Ein Dutzendkrimi, den man nicht gelesen haben muss

Steve Hamilton langweilt mit "Blind River"

Von Georg PatzerRSS-Newsfeed neuer Artikel von Georg Patzer

Besprochene Bücher / Literaturhinweise

Manchmal muss man eine Buchserie von Anfang an lesen: Nur so versteht man die Anspielungen, die Entwicklungen, die Charaktere, nur so genießt man sie. Manchmal ist es aber auch unsinnig, überhaupt einen Band zu lesen. Wenn es nämlich durchgängig normale Dutzendware ist, die dort stattfindet.

So eine Krimidutzendware ist auch "Blind River" von Steve Hamilton. Alex McKnight hat sich nach Paradise, Michigan, zurückgezogen, lebt mitten im Winter in einer Hütte, räumt den Schnee mehrmals am Tag und ist ganz zufrieden. Und dann verliebt er sich in Natalie Reynaud von der Ontario Provincial Police, jenseits der Grenze in Kanada. Trotz des Schneesturms verabredet er sich mit ihr in einem alten Grand Hotel am See. Dort trifft er einen alten Mann, Simon Grant, mit einem alten Hut. Kurz danach findet er den Hut vor seinem Zimmer, gefüllt mit Schnee, und mit der Nachricht versehen: "Ich weiß, wer Sie sind." Und der alte Mann wird tot aufgefunden, ermordet.
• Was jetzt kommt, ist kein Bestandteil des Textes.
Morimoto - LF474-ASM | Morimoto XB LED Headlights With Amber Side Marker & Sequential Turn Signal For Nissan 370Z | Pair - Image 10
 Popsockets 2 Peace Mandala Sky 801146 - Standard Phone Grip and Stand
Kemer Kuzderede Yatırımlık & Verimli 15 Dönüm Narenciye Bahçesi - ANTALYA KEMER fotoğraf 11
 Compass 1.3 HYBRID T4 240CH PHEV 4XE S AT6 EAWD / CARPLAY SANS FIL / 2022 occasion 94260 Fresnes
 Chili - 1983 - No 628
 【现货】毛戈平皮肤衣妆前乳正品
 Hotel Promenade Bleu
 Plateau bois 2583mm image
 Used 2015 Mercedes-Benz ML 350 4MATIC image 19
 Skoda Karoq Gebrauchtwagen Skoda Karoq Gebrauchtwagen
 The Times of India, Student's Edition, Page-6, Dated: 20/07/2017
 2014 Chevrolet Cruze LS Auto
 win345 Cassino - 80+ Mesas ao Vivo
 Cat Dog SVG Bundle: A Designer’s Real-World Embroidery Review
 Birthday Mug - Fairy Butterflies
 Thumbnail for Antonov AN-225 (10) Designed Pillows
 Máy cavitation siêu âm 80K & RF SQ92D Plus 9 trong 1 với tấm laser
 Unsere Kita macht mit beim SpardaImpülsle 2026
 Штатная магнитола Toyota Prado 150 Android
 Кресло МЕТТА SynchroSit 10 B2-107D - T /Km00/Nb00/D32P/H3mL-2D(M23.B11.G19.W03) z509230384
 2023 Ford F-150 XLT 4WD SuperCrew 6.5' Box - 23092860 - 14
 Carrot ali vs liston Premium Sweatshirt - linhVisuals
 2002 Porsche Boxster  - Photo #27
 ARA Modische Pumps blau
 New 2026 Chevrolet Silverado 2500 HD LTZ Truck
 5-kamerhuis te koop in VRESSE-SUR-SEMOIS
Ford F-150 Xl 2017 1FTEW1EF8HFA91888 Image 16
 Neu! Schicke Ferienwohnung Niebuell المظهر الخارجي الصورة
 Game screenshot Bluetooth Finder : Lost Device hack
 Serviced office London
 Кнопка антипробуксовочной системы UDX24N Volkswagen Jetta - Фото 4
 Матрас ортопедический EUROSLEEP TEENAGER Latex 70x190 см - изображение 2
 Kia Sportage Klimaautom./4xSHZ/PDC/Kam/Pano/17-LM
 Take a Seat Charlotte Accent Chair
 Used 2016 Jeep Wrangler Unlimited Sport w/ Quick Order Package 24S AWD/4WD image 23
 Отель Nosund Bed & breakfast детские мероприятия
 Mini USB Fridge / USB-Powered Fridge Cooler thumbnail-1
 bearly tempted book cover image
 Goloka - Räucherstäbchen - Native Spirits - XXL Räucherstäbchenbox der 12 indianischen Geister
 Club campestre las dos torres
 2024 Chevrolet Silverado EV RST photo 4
Der Fall führt McKnight in die Vergangenheit seiner neuen Geliebten, in die Familiengeschichte und die Geschichte des Ortes Blind River. Zunächst wird McKnight, der unvorsichtigerweise herumfragt, von der Familie Grant als Mörder angesehen und zusammengeschlagen, dann verschwindet Natalie und weigert sich, ihn in den Fall hineinzuziehen, weil sie selbst ihre eigene schmerzvolle Geschichte aufarbeiten muss (natürlich: Kindesmissbrauch), so dass er sich ihr gewaltsam aufdrängen muss und sie natürlich am Schluss rettet. Und natürlich geht es nicht einfach gut aus mit den beiden, und wenn sie nicht gestorben sind... - denn schließlich ist dies der sechste Band einer Serie, die doch noch weitergehen soll.

Leider ist so gar nichts dran an McKnight, was man nicht aus vielen anderen amerikanischen Allerweltskrimis kennt. Der Held ist hart, aber gerecht, kann einstecken und austeilen, ist sensibel und verletzt, hat eine harte Zeit hinter sich und treue Freunde, und er versteckt seine Gefühle hinter seiner schnoddrigen Art.

Höchst vorhersehbar ist die ganze Geschichte von Anfang bis Ende, nicht mehr als solide aus dem Lehrbuch für kreatives Schreiben und deswegen bald ziemlich langweilig. Die Charaktere agieren allesamt wie Abziehbilder aus dem letzten guten Noir-Krimi und sind höchstens als anspruchslose TV-Serienhelden vorstellbar (aber auch da würde man nach einer halben Stunde den Aus-Knopf drücken). Am Schluss wird es noch einmal ganz schlimm, als die Verästelungen der Geschichte in einer quälend langen Passage erzählt und erklärt werden müssen.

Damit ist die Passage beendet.